‘Tense with Wagner’: Lukashenko struggles to keep mercenaries from attacking Poland
Belarusian President Alexander Lukashenko said that the situation is “starting to get tense with the Wagner group because they want to march on Warsaw,” as he struggles to restrain the mercenaries from attacking Poland.
“Maybe I shouldn't say it, but I will. The Wagner group has started to stress us: ‘We want to go to the West. Let us go.’ I said, why do you want to go to the West? ‘Well, to go on a tour to Warsaw, to Rzeszow’,” Lukashenko said at a meeting with Russian President Vladimir Putin, according to state news agency TASS.
“I keep them in the center, as agreed, Belarus does not want to move them there, because their mood is bad. And, to their credit, they know what's going on around the Union State. Well, it's just a touch,” Lukashenko said.
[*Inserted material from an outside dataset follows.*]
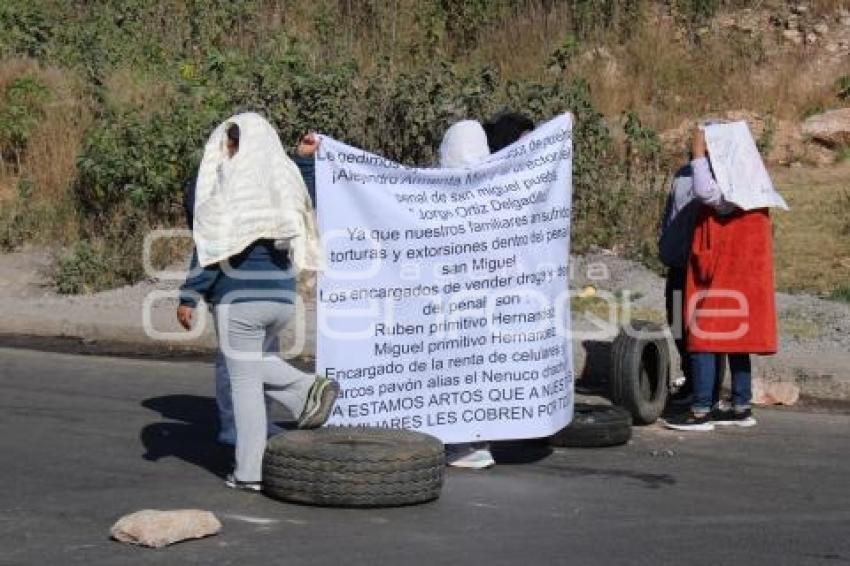 MANIFESTACIÓN FAMILIARES REOS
Washington-based think tank Institute of Study of War (ISW) wrote in an assessment: “Lukashenko told Putin that the Wagner Group in Belarus will remain in central Belarus likely subtly reminding Putin of the threat the Wagner military organization still poses to him and underlining Lukashenko’s control over that power.”
It added: “Lukashenko’s statements were likely meant to make Putin reflect on the uncomfortable (for Putin) fact that Wagner’s new garrison in Belarus puts its forces half as far from Moscow as Wagner’s previous base in southern Russia.”
The Polish defense minister had decided over the weekend to move Polish military units to the eastern area of the country due to the Wagner mercenary group's presence in Belarus and its joint exercises with Belarusian soldiers, state-run news agency PAP reported.
“Training or joint exercises of the Belarusian army and the Wagner Group are undoubtedly a provocation,” said Zbigniew Hoffmann, the secretary of the Government National Security Committee.
“The committee analysed possible threats, such as, for instance, the deployment of Wagner Group units. Therefore, the defence minister and the committee chairman, Mariusz Blaszczak, decided to move our military formations from the west to the east of Poland,” Hoffmann said.
He added: “Apart from training, the aim of these troops is to deter a potential aggressor.”